Source data below:

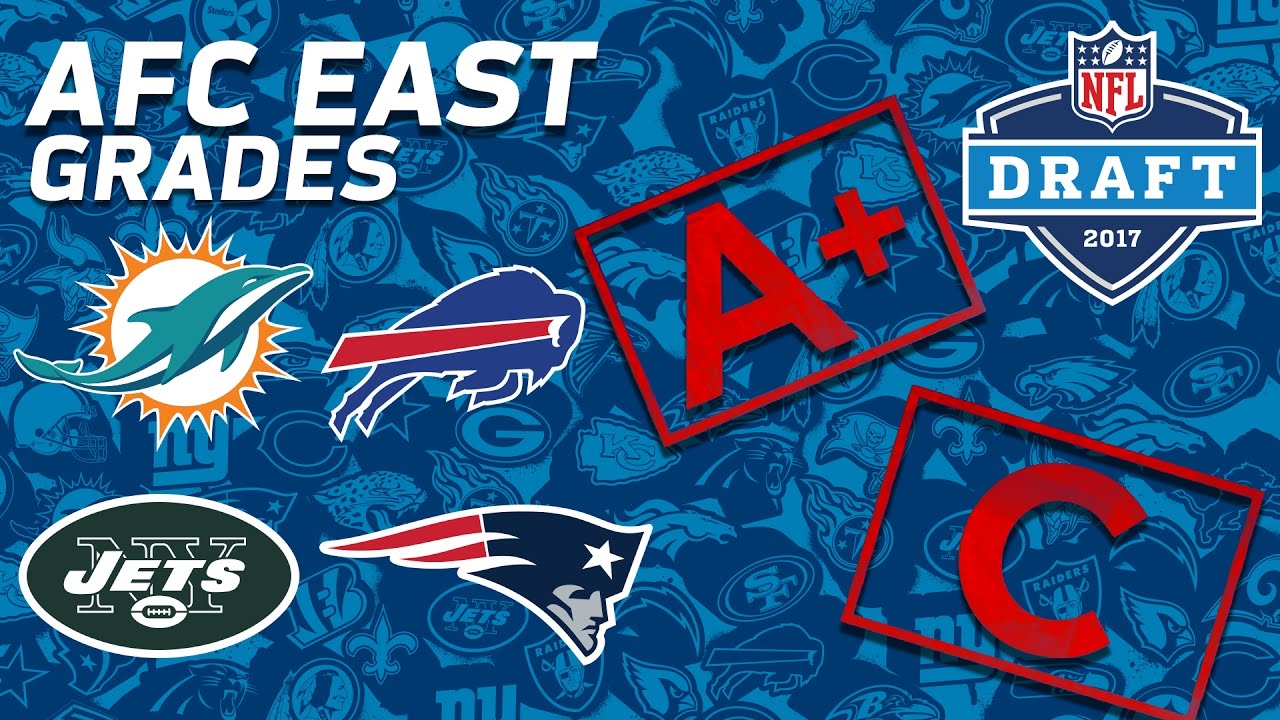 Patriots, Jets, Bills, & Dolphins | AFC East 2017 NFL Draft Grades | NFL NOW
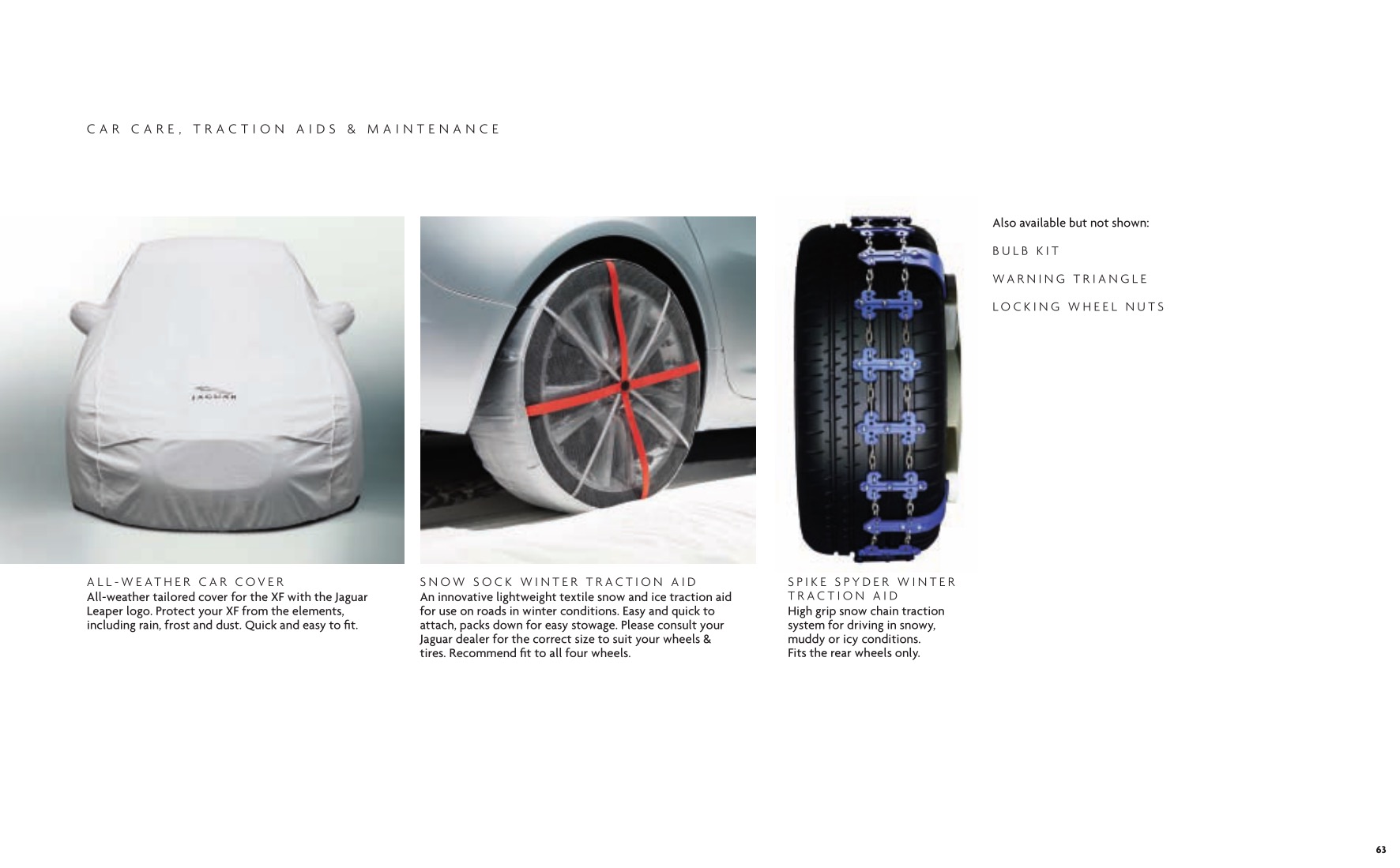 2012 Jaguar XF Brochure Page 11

End of Source data.
Source data below:

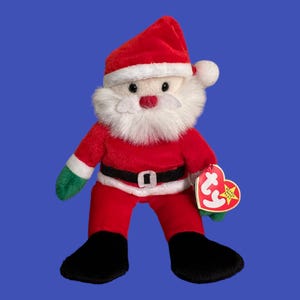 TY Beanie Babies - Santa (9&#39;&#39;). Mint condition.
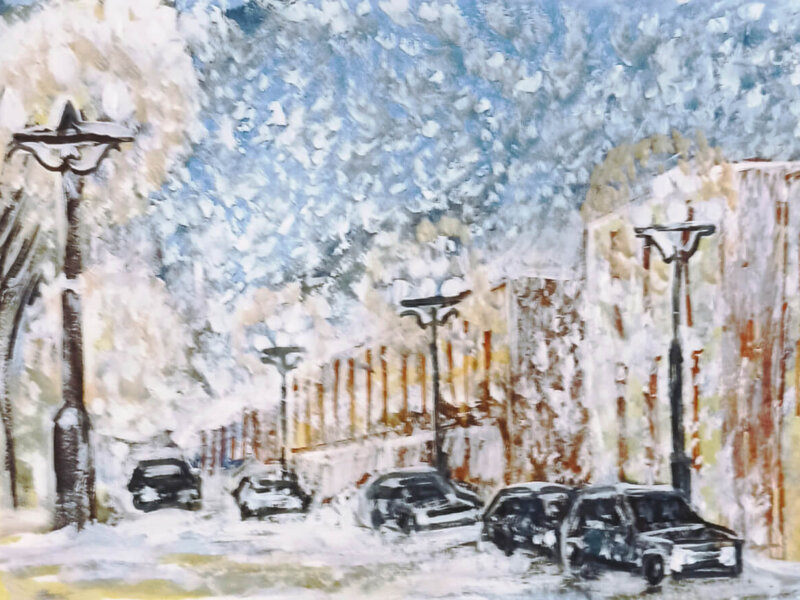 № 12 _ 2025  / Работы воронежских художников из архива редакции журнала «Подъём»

End of Source data.

### What to produce
Nothing except the lines from the one containing "Patriots, Jets, Bills, &" through the one containing "2012 Jaguar XF Brochure Page 11" should appear in the answer, exactly as above and without pictures.

### Solution for this exercise
 Patriots, Jets, Bills, & Dolphins | AFC East 2017 NFL Draft Grades | NFL NOW
 2012 Jaguar XF Brochure Page 11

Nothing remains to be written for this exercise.